Problem =>
Skip the images and repeat every entry word for word.

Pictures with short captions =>
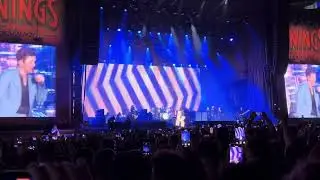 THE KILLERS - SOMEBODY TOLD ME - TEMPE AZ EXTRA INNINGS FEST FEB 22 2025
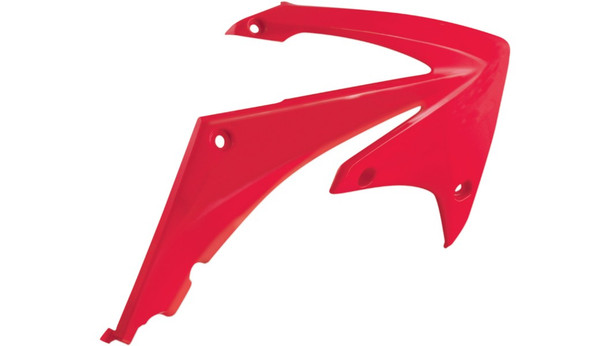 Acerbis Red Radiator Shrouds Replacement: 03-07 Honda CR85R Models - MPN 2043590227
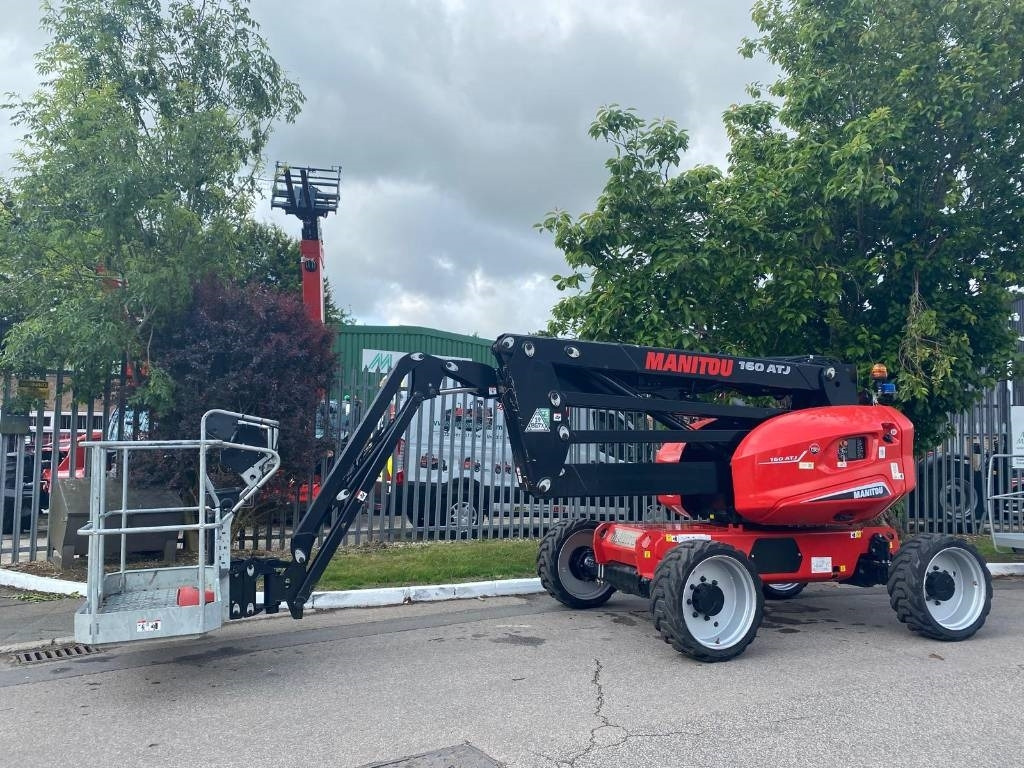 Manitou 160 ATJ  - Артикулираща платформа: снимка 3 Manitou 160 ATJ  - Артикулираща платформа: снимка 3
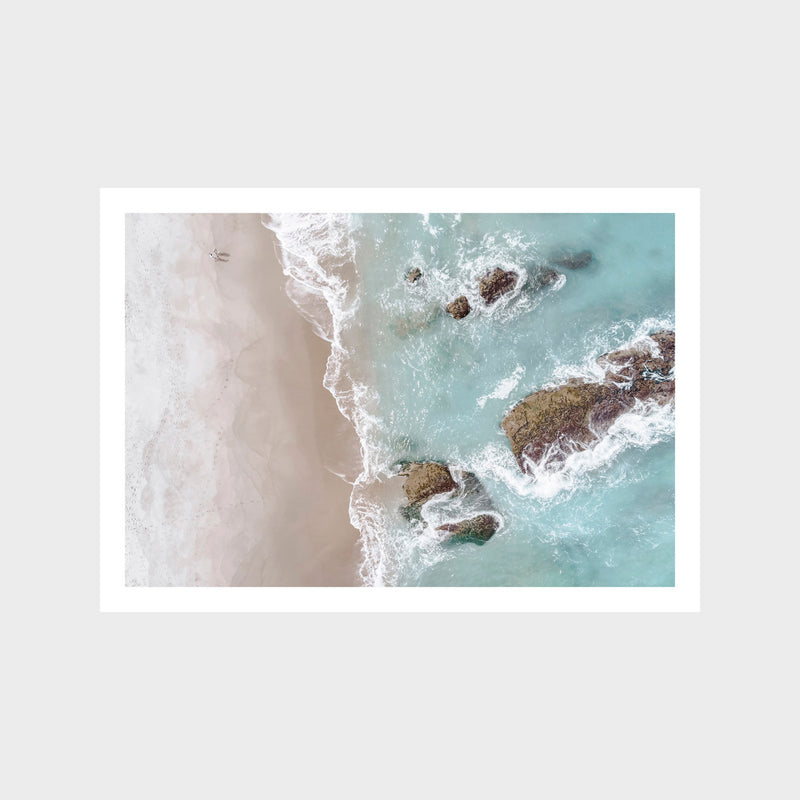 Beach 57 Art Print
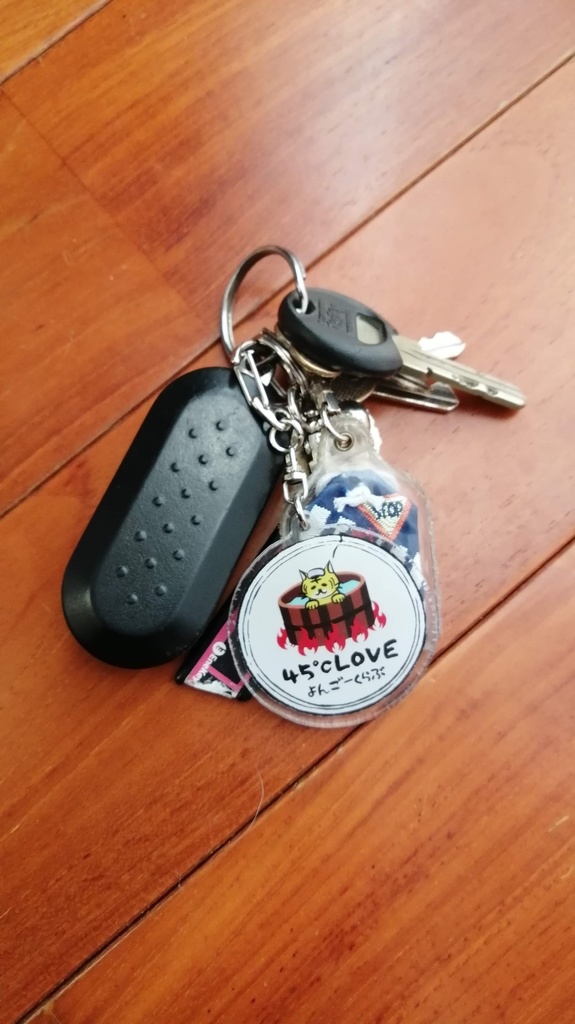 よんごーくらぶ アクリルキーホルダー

Result of this exercise =>
 THE KILLERS - SOMEBODY TOLD ME - TEMPE AZ EXTRA INNINGS FEST FEB 22 2025
 Acerbis Red Radiator Shrouds Replacement: 03-07 Honda CR85R Models - MPN 2043590227
 Manitou 160 ATJ  - Артикулираща платформа: снимка 3 Manitou 160 ATJ  - Артикулираща платформа: снимка 3
 Beach 57 Art Print
 よんごーくらぶ アクリルキーホルダー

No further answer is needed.